Activity Failure Retry functionality

camundabpmlearner · January 9, 2025, 3:17pm

Hi,
There is a requirement to handle exception on activity level say, if any exception(BPMError) occure in service task , we need to retry the same task configurable amount of time after configurable amount of timer(say 10sec).
Once retry is successfull, it should resume the workflow execution.

Since we are forced to use venilla camunda, I cant write java code here.

I was trying with event subprocess(with error start event) but this will create issue when we have parallel gateway(as given below). Here we suppose to get 2 token for subprocess but we get only one.

Is there a way to design this with much less effort(Dont want to touch each and every activity for this)

Thank you in advance

Sample.bpmn (12.6 KB)

GotnOGuts · January 9, 2025, 4:49pm

Some things to keep in mind about Event Subprocess…
It basically behaves like wrapping the entire process in a task, and attaching boundary events to it.

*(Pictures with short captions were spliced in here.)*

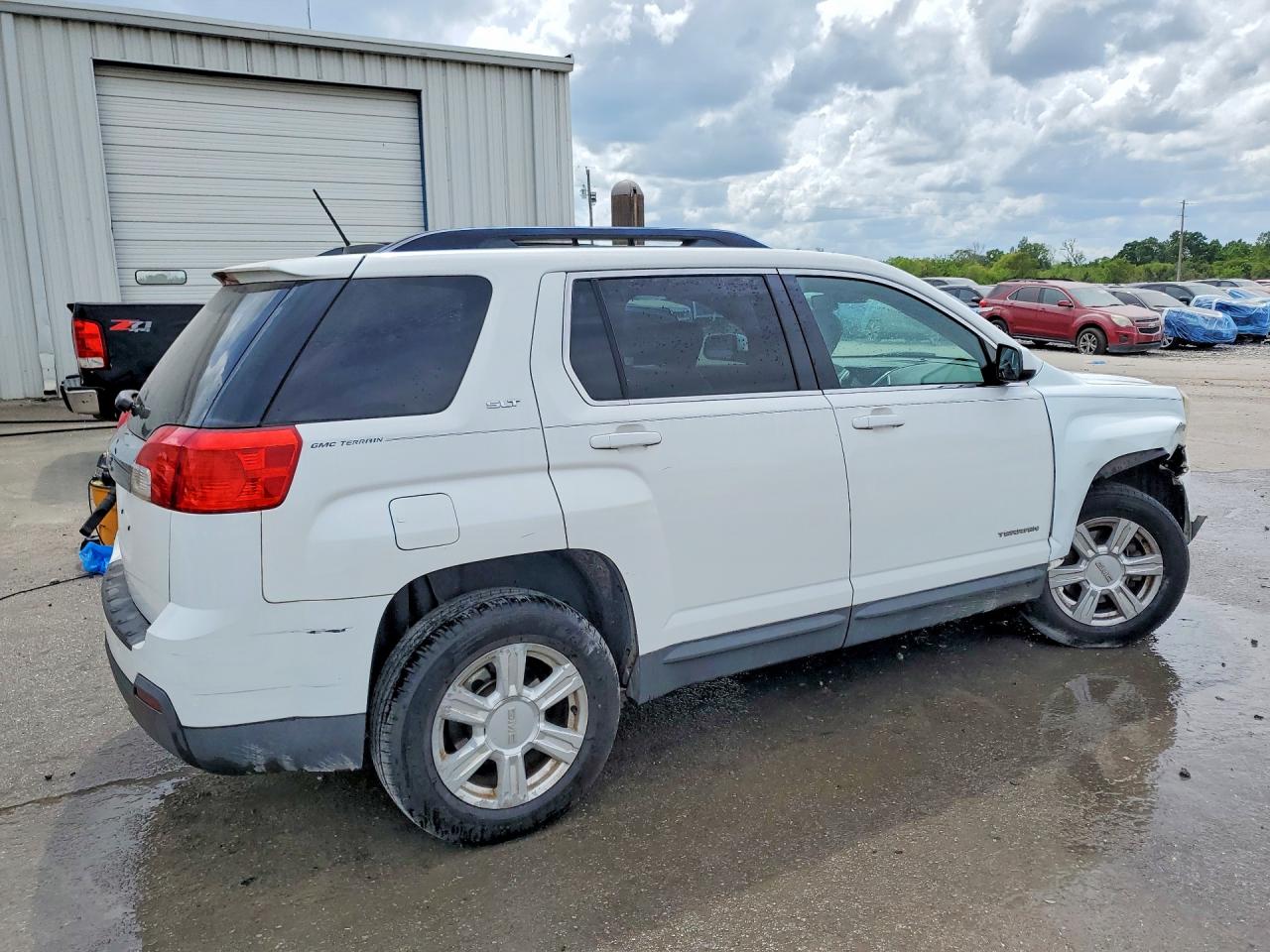 2015 GMC TERRAIN SLT photo 5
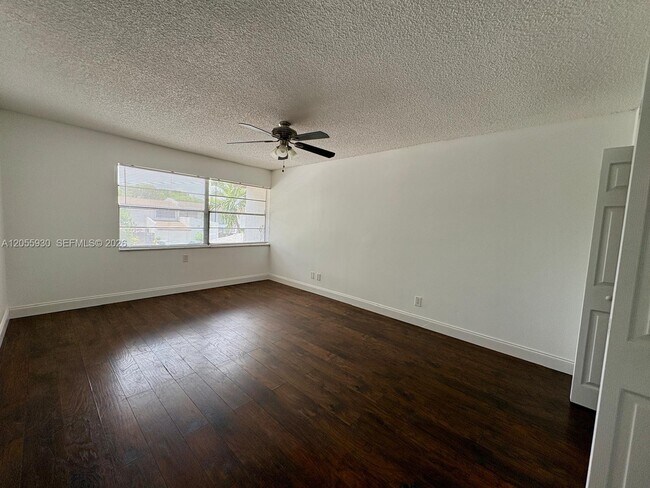 Building Photo - 6979 SW 110th Ct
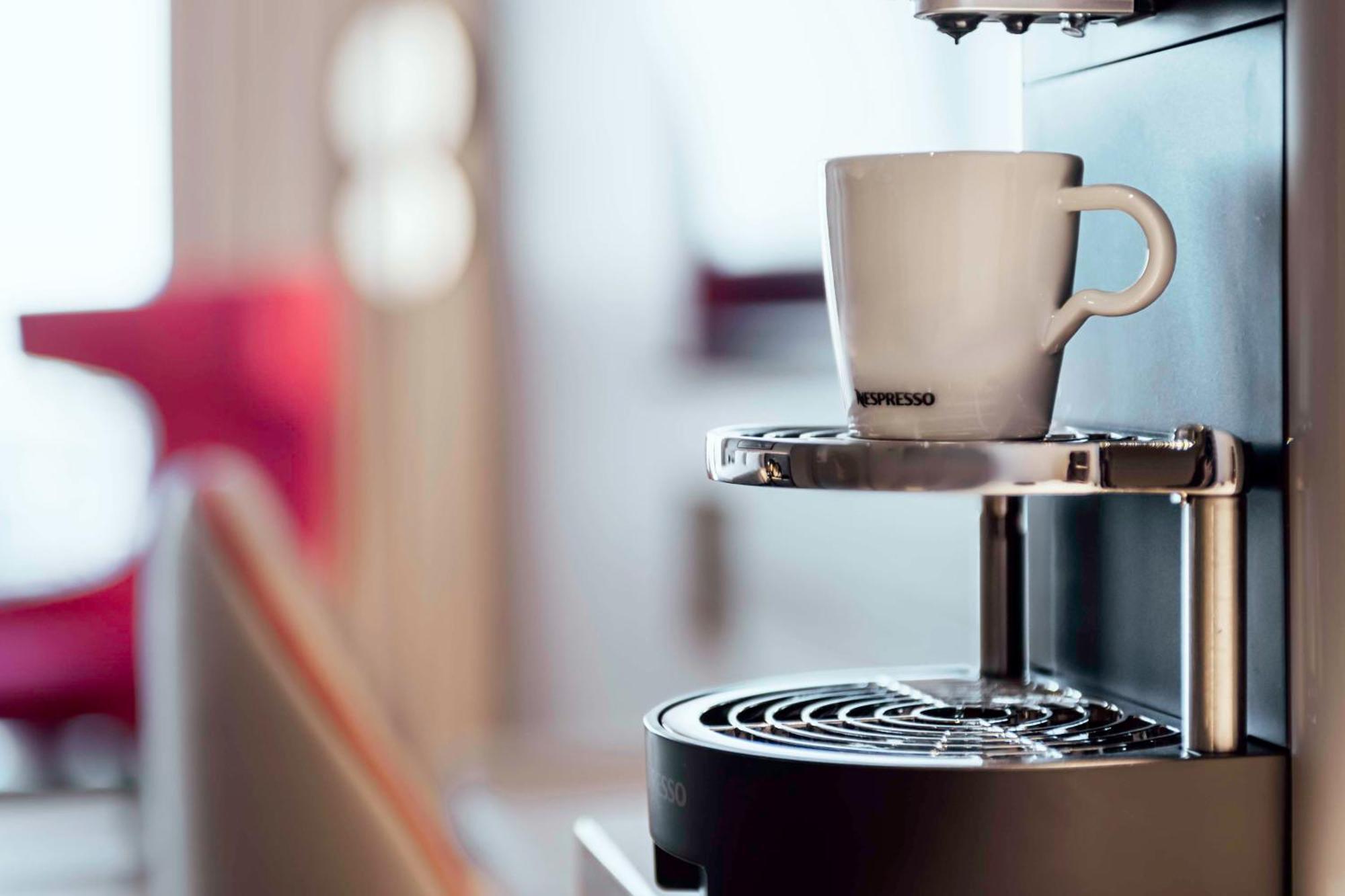 Radisson Blu Hotel Riyadh Convention And Exhibition Center Dış mekan fotoğraf A Nespresso machine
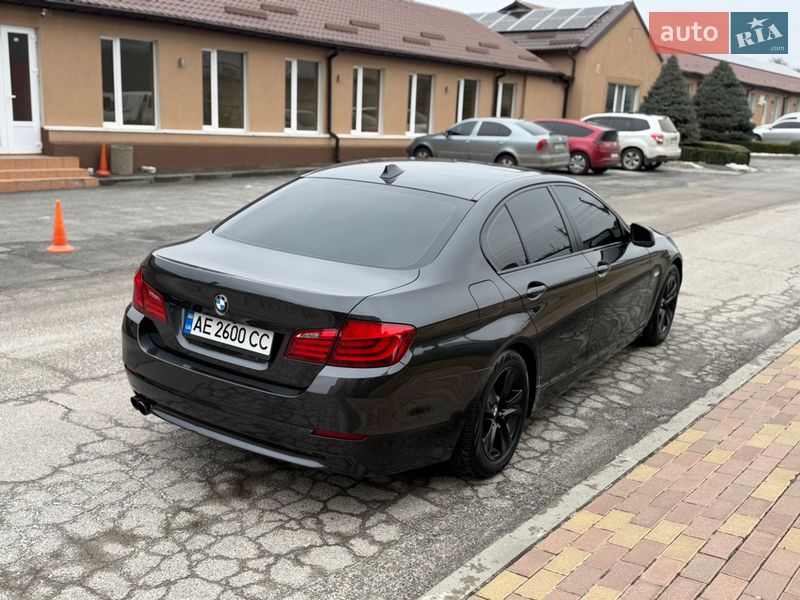 Седан BMW 5 Series 2012 в Днепре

So, in your case, since you used an Interrupting Start in your event subprocess, ALL the tokens in your process get cancelled, and move to 1 token in the “Exception Block”
If you used Non-Interrupting Start in your event subprocess, the tokens wouldn’t be cancelled, BUT a new one would be created (so then you would have 3 tokens until the “Exception Block” was cleared).

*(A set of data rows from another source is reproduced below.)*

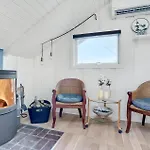 Hébergement de vacances With Fireplace 12 *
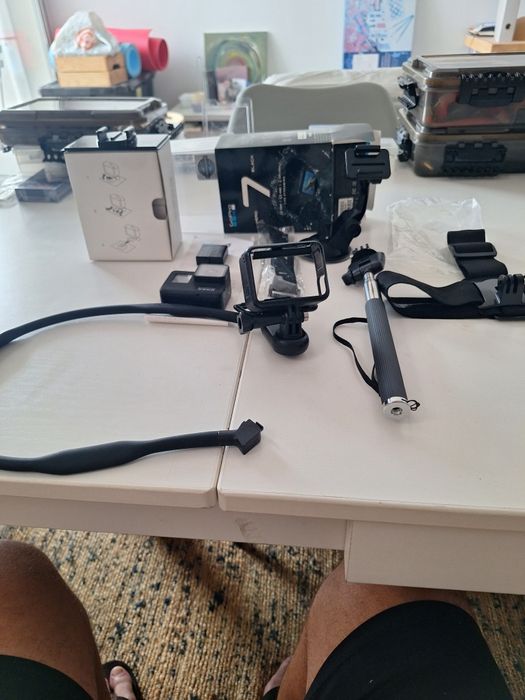 Go Pro 7 , com tudo que é acessório e duas baterias como novo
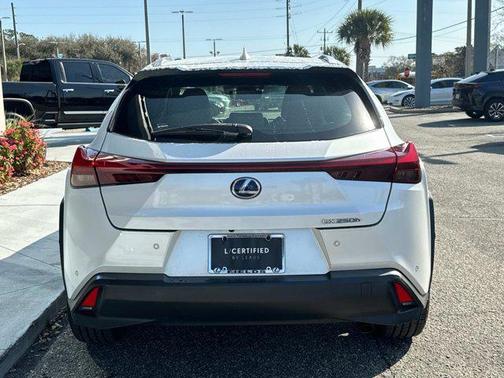 White Pearl 2020 Lexus UX 250h Base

camundabpmlearner · January 9, 2025, 10:49pm

Hi @GotnOGuts
Thanks for the details but there is no non-interrupted error event inside event sub-process. if I use message event(non-interrupt), I believe process execution will continue which is not the case I wanted. So Im not getting what’s the best way to handle this situation. Can you please suggest?

Specifically on how to handle retry mechanism when we have Parallel or inclusive gateways.

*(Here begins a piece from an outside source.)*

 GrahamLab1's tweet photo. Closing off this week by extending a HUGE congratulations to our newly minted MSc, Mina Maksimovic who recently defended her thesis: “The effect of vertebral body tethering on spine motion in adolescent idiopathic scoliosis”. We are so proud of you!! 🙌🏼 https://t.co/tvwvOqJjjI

JohnArray · January 10, 2025, 2:15pm

You can simply wrap your entire process in an expanded subprocess and attach an interrupting error boundary event for catching errors which will loop back to start of the expanded subprocess. Keep in mind that this can create an infinite loop, so you might want to add some condition on the loopback to keep track of the loops and kill it in case of infinite looping

GotnOGuts · January 10, 2025, 4:08pm

By definition, you will only get one.
When the Interrupting Subprocess is triggered, all the other tokens are canceled.

The only way around this is to catch the errors on each task. You can group “Reason → (timer) → Is Success” in a single subprocess and catch the error on that subprocess, deal with it, allowing the other subprocess to continue.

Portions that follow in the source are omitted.